对于欧洲的资本主义国家而言,20世纪70年代是一个痛苦的开始,表面上看,石油危机、经济增长放缓直接造成了经济困境。但更深层次的原因在于,欧洲国家在殖民时代累积的红利,也就是不公平的产业、贸易和金融秩序,红利开始全面倒向美国。

冷战结束后,原属苏东阵营的部分国家在加入欧盟、北约后,部分延续了过去的福利政策体系,并接入了欧洲标准的社会福利体系。

但这一切在21世纪以来招致了更大的麻烦。金融危机宣告了欧洲部分国家试图差异化发展,试图借助金融创新超车的发展思路破产,而接踵而来的债务危机、难民危机、新冠疫情使得欧洲社会保障网的压力变得更为突出。
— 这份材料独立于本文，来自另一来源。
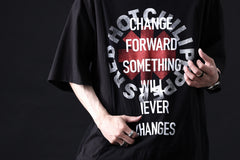 Load image into Gallery viewer, CHANGES VINTAGE REMAKE MULTI PANEL TEE (BLACK #5)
屋漏偏逢连夜雨,随着特朗普2017-2021年第一任任期以及2025年初卷土重来,美国向欧洲施加了更大压力,要求欧洲承担更多的防务责任,但其内核并非降低美国对于欧洲以及北约的领导地位,而是要求欧洲这些国家承担更多的防务支出,向美国购置更多的军备。这对于已经在难以负荷的福利支出下挣扎的欧洲国家而言,是一个不能不接受但很难良好接受和消化的结果。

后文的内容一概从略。